起業したての会社であれば、スタートアップカンパニー(start-up company)あるいは単にスタートアップと呼ぶのが普通だ。複数でもstart-upsですむ。しかし、困るのは創業して10年以上経つ中小企業をどう呼ぶか。日本ではこれでもベンチャーと呼ぶことが多いが、10年以上経つとstart-upの時期は過ぎてしまっているし、悩んでしまう。日本語を英語で表現する場合の難しさの一つといえよう。

先日も、数回日本に来たことのあるアメリカ人と和製英語について話していたら、和製英語よりも発音が全く違うことが困ると言っていた。和製英語なら話をしている文脈から正しい意味を後で気がつくことが多く、さほど問題ないが、和製発音の方が問題ありで、話している言葉の意味が全く分からないという。

特に、McDonaldsが全く通じなくて困ったという話を聞いた。日本語ではアクセントなしでマクドナルドと発音するが、これでは全く通じない。英語は、「ダ」にアクセントを置き、「マクダネルズ」と聞こえる。アタマの「マク」はほとんど聞こえない。「ダネルズ」あるいは「ダヌーズ」と言う方が通じる。

この誤解は英語教育の問題に起因するのではないだろうか。中学から高校までおよそ8~9割の日本人が6年間も英語を勉強したのにもかかわらず、卒業しても誰一人英語を話せない。生徒が悪いのではなく教育制度が悪いのだろう。アジアの人たちとこの問題を議論すると、たいていの国の人たちは高校を卒業すると日常会話程度の簡単な会話を話せるという。それも日本と同じ中学校から英語を習い始める。さらに、フィリピンやインドネシア、マレーシアでは大学の授業は教師も教科書もほとんど英語なので、大学卒業者はほとんどが英語を話せる。日本は大学を出てもほとんどの人が英語を話せない。

日本では、ローマ字読みに忠実に英語を読ませることがこれまで日本語として採用されてきたが、このやり方に問題が大ありなのだ。外国人には通じない読みの「英単語」を教育されてきたものだから、学校を卒業しても外国人と話ができない。

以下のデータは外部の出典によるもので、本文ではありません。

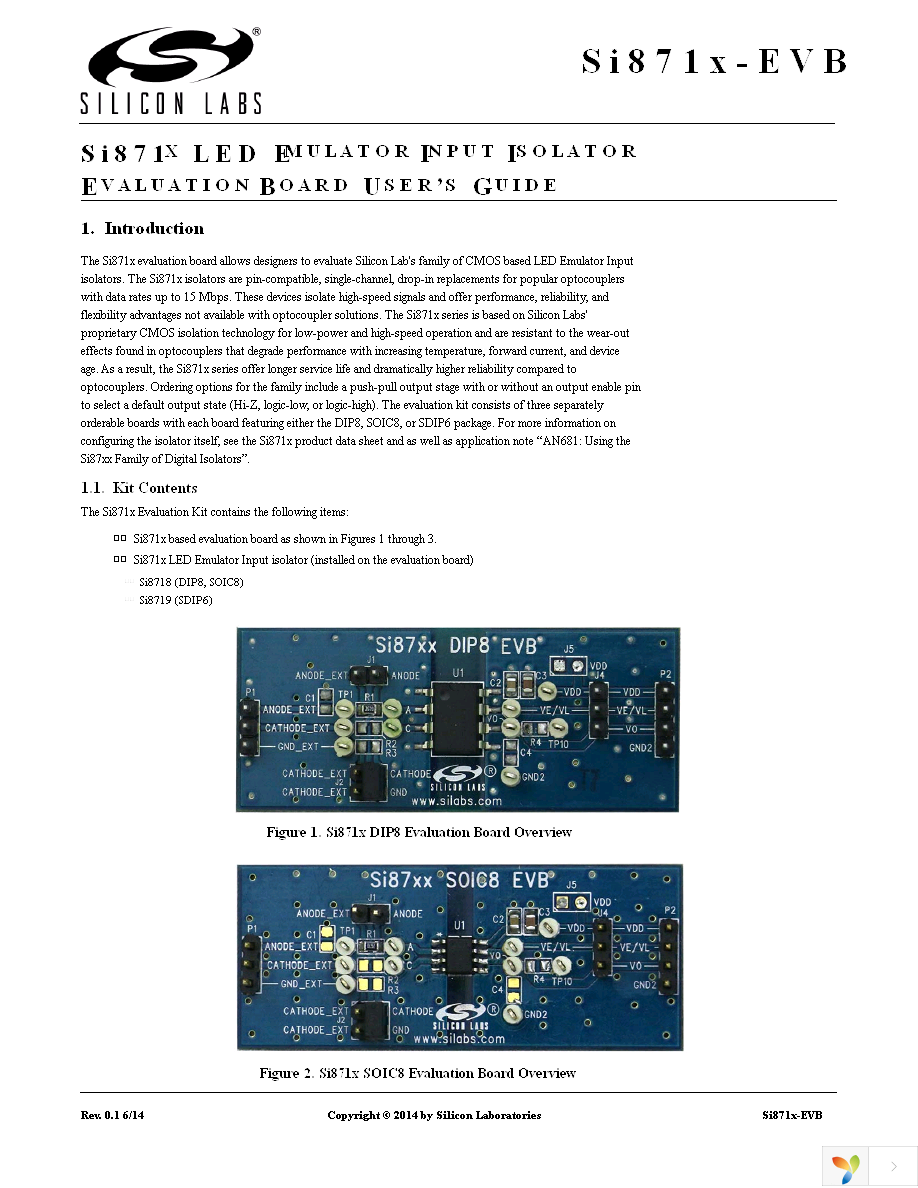 SI871XDIP8-KIT Page 1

「アンビリーバボー」という言葉をときどきテレビや雑誌で見かけるか、これはまさに外国で使われている英語の読みである。Unbelievableは「アンビリーバブル」ではなく「アンビリーバボー」と書くべきではないだろうか。通じない英語を日本語として読ませることに今、どのような意味があるのだろうか。